The prescription for my colleagues is:
1. Redesign legal processes
It is safe to say that almost all the other industries have undergone a process of digitalization and learn business design and are now doing the right things right. And since a lot of our clients have gone through this, they are paying attention to how we deliver services and the old business model might not be enough. We know that legal services have been very slow to change and most of the work is still done very traditionally and it might be hard to see legal work as a process. But how do we know what to fix if we don’t even know what needs to be fixed? No one wants to waste time working on issues that don’t matter in the end.

It is easy to think that implementing technology will make a difference and magically make everything better, but from my perspective, technology is only the means, not an end. Most of the time the problem is somewhere else. So, before companies start to invest in legal technology, spend some time analyzing your legal processes. Have all the people involved in the process workshop together and make sure you have the right people in right roles, everyone knows exactly what they are supposed to do and how their work affects on the final result, emphasize communication and work on collaboration skills. And when you have done all of this, see if there is a boring, time consuming, copying and pasting part on that process, that you might be able to automate and allow your legal masterminds to concentrate on more complex issues.
2. Redesign legal services and products
Legal advice is now often seen as an integral element of the commercial plan and our clients are looking for solutions to their problems and challenges. We, lawyers, like to think that we are problem solvers, but are we? Do we focus on the exact problem our client is having or do we just offer an interpretation of legislation? Do we listen to them and do we understand them?

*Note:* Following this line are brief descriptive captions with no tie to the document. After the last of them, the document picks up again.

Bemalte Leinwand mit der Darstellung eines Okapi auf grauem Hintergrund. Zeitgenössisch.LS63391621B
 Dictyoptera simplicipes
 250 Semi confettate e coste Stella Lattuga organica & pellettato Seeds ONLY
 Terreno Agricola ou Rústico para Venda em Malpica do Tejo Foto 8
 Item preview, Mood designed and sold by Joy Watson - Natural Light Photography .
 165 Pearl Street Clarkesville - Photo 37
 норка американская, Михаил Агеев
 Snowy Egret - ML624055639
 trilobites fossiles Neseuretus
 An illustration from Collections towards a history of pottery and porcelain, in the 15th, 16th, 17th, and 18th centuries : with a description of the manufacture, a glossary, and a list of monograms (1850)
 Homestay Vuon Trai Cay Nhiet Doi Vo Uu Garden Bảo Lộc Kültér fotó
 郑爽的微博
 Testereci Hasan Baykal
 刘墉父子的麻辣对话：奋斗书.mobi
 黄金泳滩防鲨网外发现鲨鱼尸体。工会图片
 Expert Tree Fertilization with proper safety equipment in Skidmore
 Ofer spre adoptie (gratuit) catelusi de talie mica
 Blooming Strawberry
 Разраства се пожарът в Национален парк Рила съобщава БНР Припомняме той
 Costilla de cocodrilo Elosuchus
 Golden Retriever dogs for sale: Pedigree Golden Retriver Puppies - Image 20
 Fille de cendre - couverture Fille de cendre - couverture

Instead of just focusing on the legal advice, we should focus on how we might help our client solve the problem they are facing and go beyond traditional legal advice. Interpretation of legislation is just not enough anymore, and we must deliver more than just a piece of advice delivered in legalese. Our advice should support their business and help them move forward holistically.

And to be fully able to deliver solutions, we need more commercial awareness, but we also need to collaborate more with our clients to get to know them and their businesses better. We have to understand the context of our advice. We need to listen more, and we need to empathize. We must find solutions to the exact problems they might be facing, and we need to deliver our advice in a way that is right on time and accurate. We must give advice that will add value to our clients’ business and help them grow. Without having to be designers, we can learn from the design process and make sure we always put the end-user first. Finding the optimal solution for our client calls for creativity and abstract thought. Only when the legal context is understandable to the user, law and legal advice will be more usable and useful.